Menurut Anggota Fraksi Partai Demokrat DPRD Bali, I Komang Wirawan, adanya frasa “pertambangan pasir laut” dalam Ranperda Rencana Zonasi Wilayah Pesisir dan Pulau-pulau Kecil (RZWP3K) menjadi salah satu hal yang kurang pas. Sebab, pertambangan pasir laut merupakan salah satu penyebab kerusakan pesisir laut.

“Pasir laut di seluruh pesisir Pulau Bali adalah penyangga daratan. Kerusakan pesisir laut salah satu penyebabnya adalah pertambangan pasir laut,” ujarnya.

Menurut Wirawan, sedikitnya ada empat pasal yang masih kurang pas atau tidak sejalan dengan tujuan dibuatnya Ranperda.
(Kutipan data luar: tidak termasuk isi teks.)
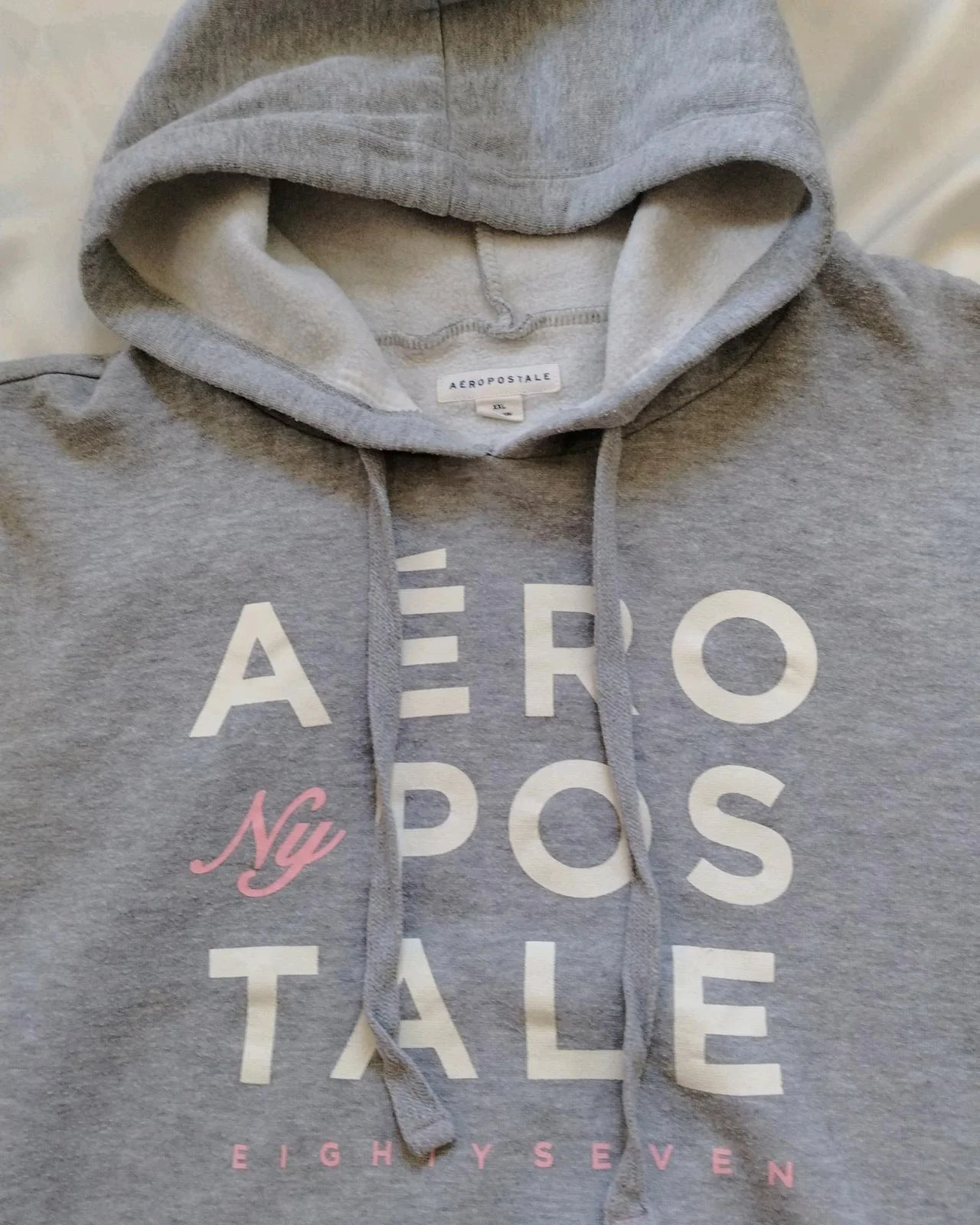 Aero Sweatshirts, size Other, photo 1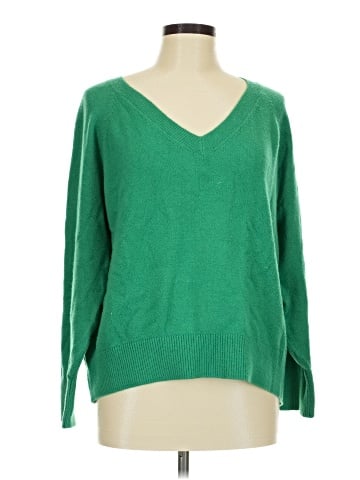 Old Navy Pullover Sweater (view 1)
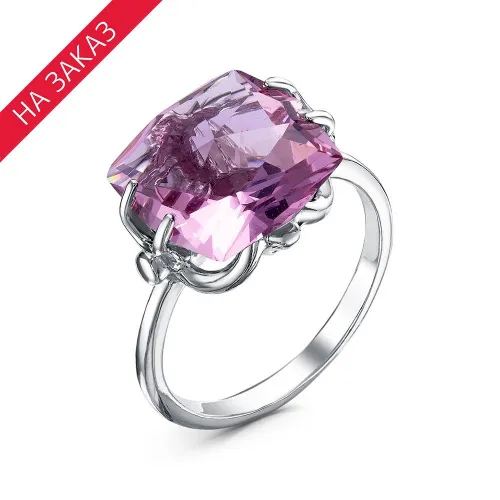 2362252д19_кольцо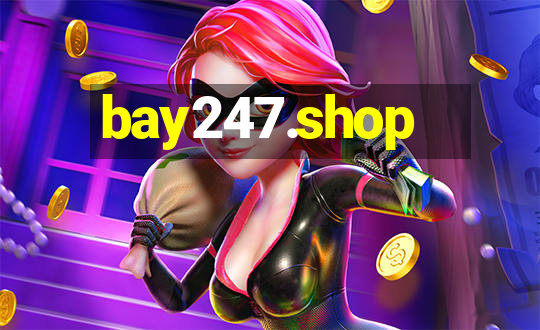 bay247.shop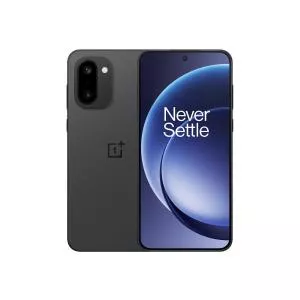 OnePlus Telefon mobil 15R, 6.83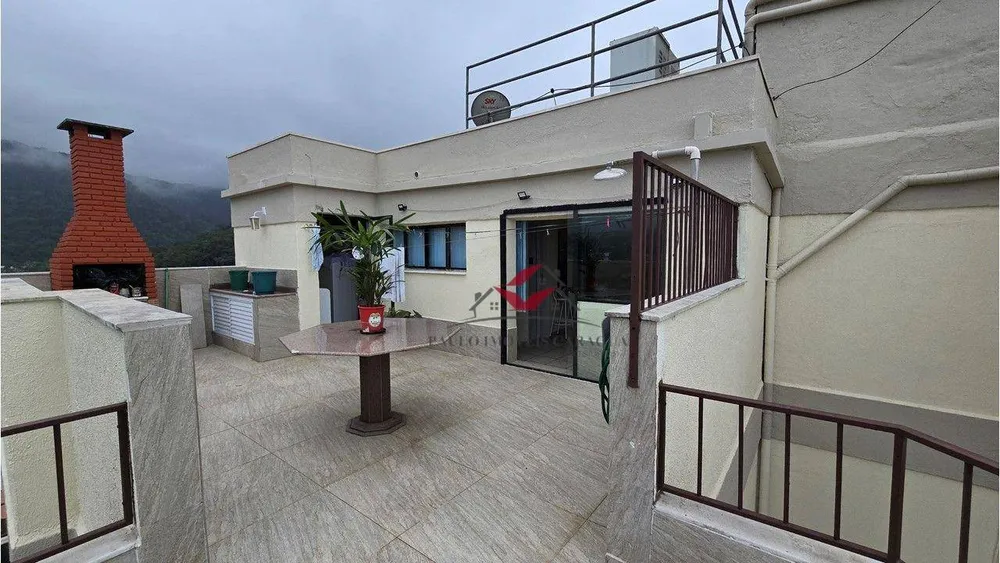 Apartamento, 3 quartos, 119 m² - Foto 16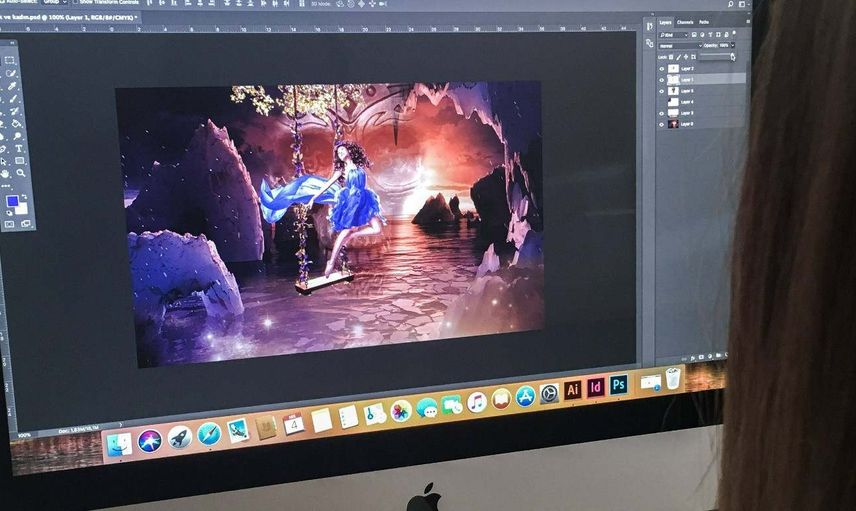 Grafik DGS 2022 taban puanları ve bölüm kontenjanları
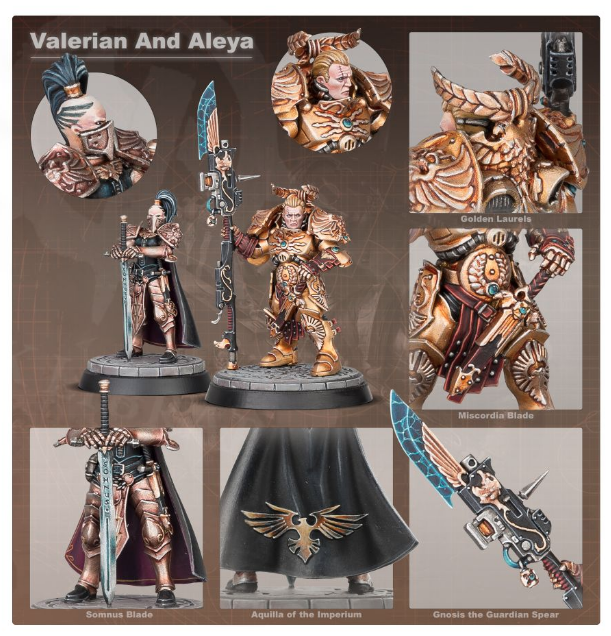 (GW) TALONS OF THE EMPEROR:VALERIAN AND ALEYA-1585984694.png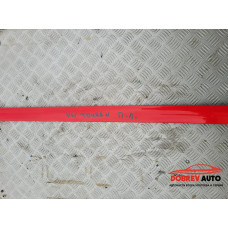 Лайсна (предна лява) за VW Touran 1T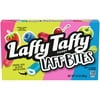 Laffy Taffy Laff Bites 3.5oz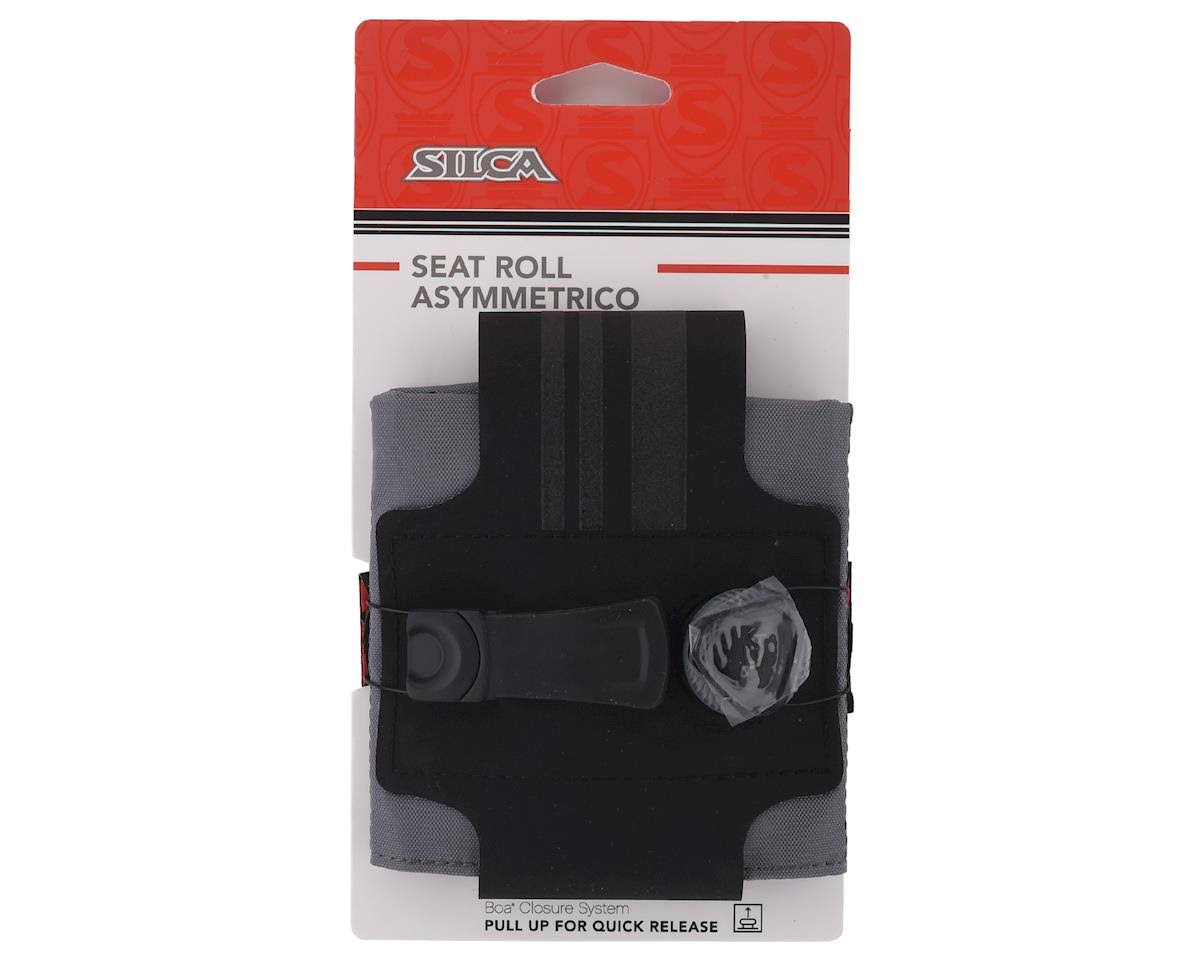 Seat Roll R61300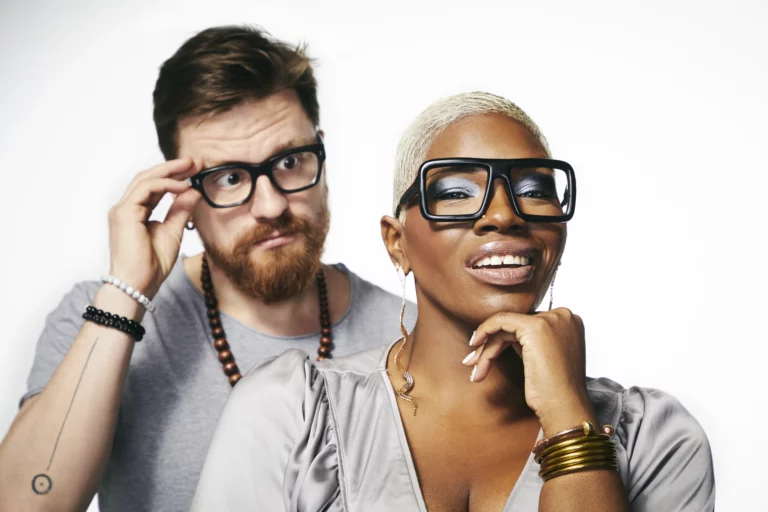 Kennedy Administration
Yakni, pasal 10 ayat 5 huruf j yang bunyinya mengembangkan pemanfaatan pasir laut untuk memenuhi kebutuhan material bagi pembangunan infrastruktur, pasal 12 huruf I yang bunyinya zona pertambangan, pasal 21 ayat 3 yang bunyinya pemanfaatan pasir laut pada subzona sebagaimana dimaksud pada ayat (2) hanya diperuntukkan bagi pembangunan infrastruktur publik dan pengamanan pantai, serta pasal 42 ayat 2 yang bunyinya masyarakat tradisional dan/atau desa adat yang memanfaatkan ruang laut wajib memiliki Izin Lokasi Perairan dan/atau Izin Pengelolaan Perairan. “Kami menyarankan Gubernur agar penambangan pasir dan atau pengerukan pasir di laut dilarang,” tegasnya.

Baca juga:  Menjaga Desa Adat

Wirawan menambahkan, pertambangan pasir laut tidak saja membahayakan Bali dan pulau-pulau di sekitarnya. Tapi juga bertentangan dengan Pasal 35 UU No.27 Tahun 2007 Jo UU No 1 Tahun 2014 Tentang Pengelolaan Wilayah Pesisir dan Pulau-pulau Kecil. “Hal ini penting kami sampaikan sebab mencermati peristiwa yang dialami di Kepulauan Seribu Provinsi DKI, dimana akibat dikeluarkannya izin pengerukan pasir di laut mengakibatkan ada 2 pulau disekitarnya hilang alias tenggelam,” paparnya.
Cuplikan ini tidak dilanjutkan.